[Required work]: Every line of the listing below from the one with "Punk Horror Badge" up to and including the one with "Cambridge Dry Goods" should be retyped exactly, and nothing else; pictures are not part of the copy.

[Data for processing]:
-*-

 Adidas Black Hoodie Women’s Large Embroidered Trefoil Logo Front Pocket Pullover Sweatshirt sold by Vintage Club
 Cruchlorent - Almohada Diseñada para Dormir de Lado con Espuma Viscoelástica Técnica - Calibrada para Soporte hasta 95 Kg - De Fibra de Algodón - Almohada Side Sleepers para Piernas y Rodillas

-*-

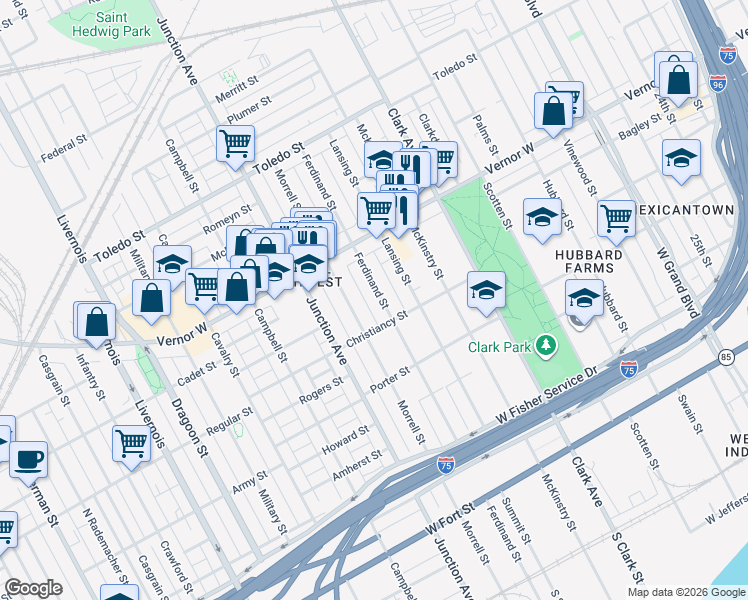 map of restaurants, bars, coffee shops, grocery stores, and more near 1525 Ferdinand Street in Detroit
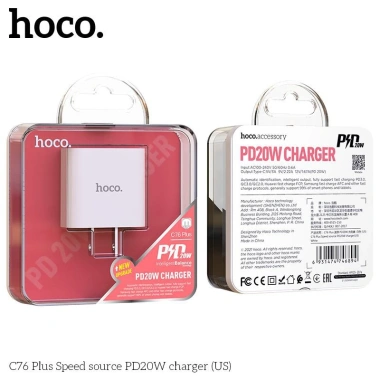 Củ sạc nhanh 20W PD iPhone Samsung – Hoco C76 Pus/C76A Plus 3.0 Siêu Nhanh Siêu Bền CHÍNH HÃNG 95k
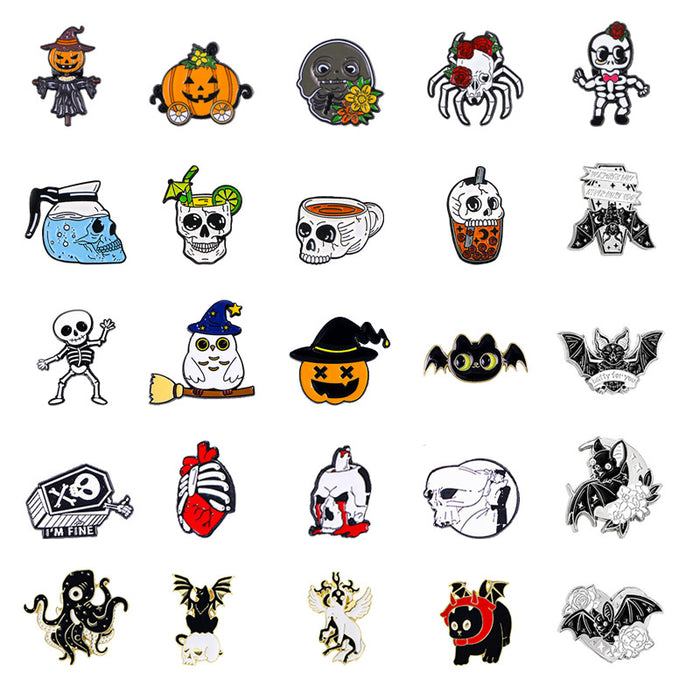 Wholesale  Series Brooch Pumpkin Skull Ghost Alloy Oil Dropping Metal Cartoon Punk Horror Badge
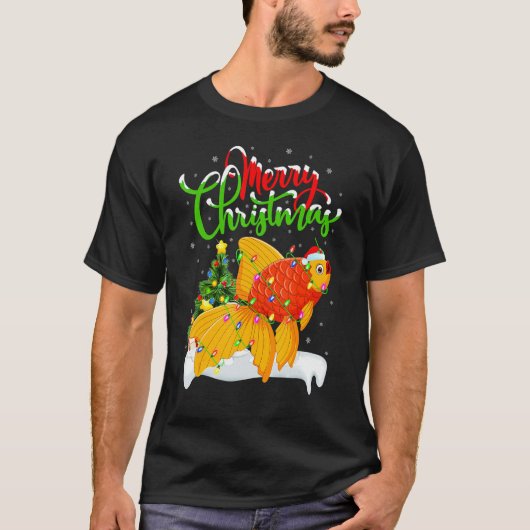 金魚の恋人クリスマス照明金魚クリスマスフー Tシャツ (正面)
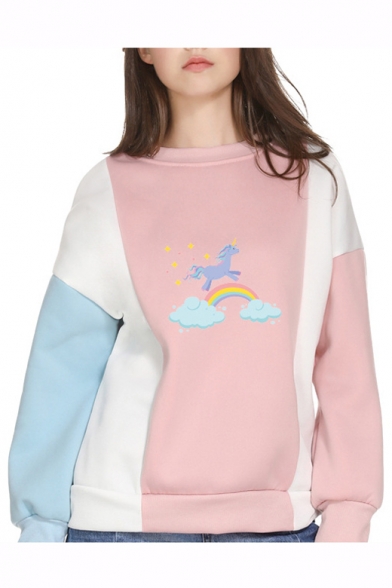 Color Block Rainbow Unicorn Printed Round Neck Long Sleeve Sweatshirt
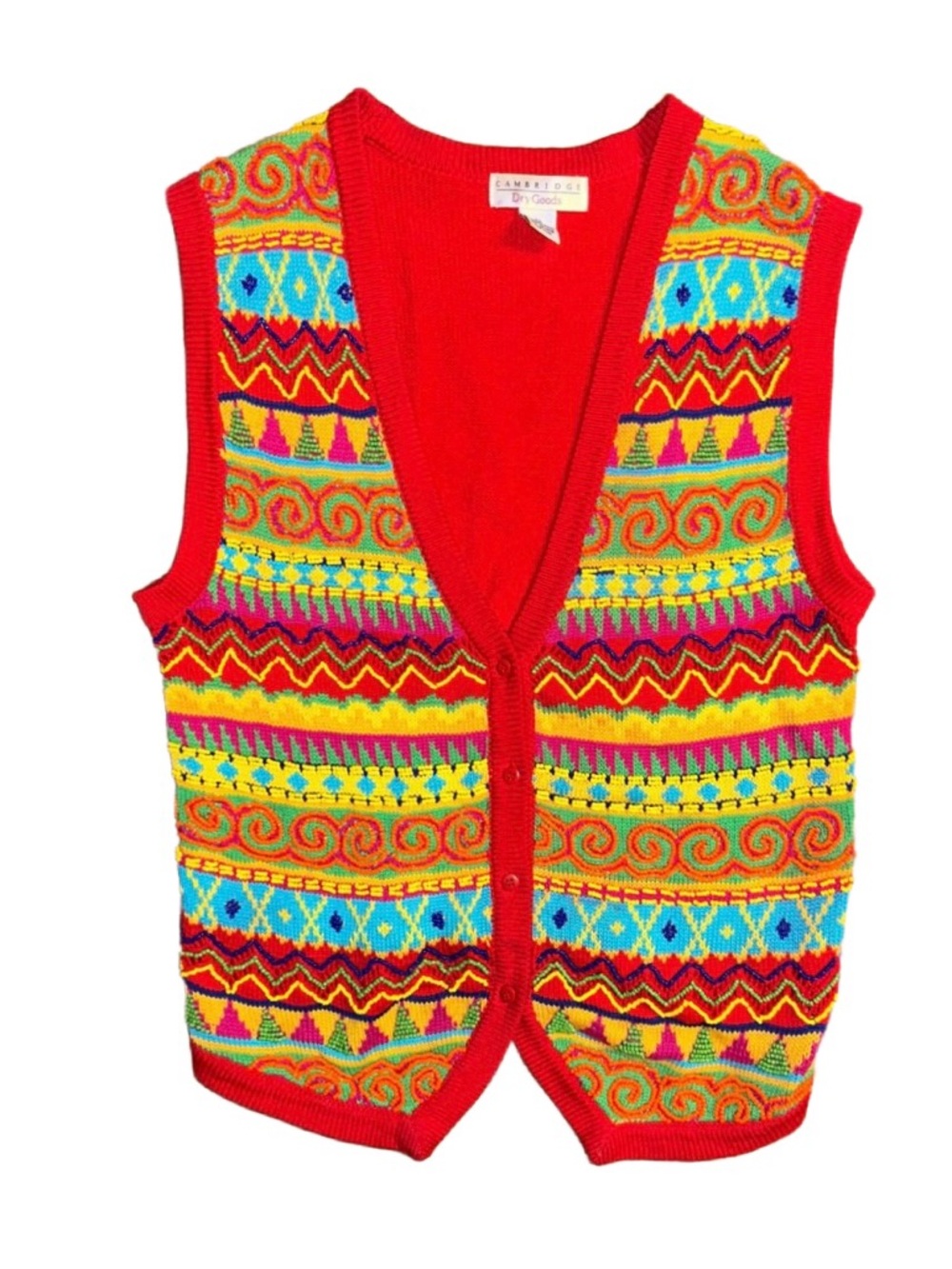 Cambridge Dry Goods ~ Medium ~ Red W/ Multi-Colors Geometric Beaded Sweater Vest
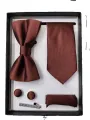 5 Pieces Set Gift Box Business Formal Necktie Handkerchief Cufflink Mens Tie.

-*-

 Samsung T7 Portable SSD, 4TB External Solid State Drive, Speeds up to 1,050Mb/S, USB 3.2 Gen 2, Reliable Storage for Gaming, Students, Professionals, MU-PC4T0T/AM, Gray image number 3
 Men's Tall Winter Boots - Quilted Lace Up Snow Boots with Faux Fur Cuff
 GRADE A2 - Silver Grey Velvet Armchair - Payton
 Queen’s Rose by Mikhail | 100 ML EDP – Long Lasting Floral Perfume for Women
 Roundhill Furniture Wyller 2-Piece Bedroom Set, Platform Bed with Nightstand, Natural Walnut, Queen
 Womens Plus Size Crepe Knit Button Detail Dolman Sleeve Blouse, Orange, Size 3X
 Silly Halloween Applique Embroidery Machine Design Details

-*-

[Your solution]:
 Wholesale  Series Brooch Pumpkin Skull Ghost Alloy Oil Dropping Metal Cartoon Punk Horror Badge
 金魚の恋人クリスマス照明金魚クリスマスフー Tシャツ (正面)
 Color Block Rainbow Unicorn Printed Round Neck Long Sleeve Sweatshirt
 Cambridge Dry Goods ~ Medium ~ Red W/ Multi-Colors Geometric Beaded Sweater Vest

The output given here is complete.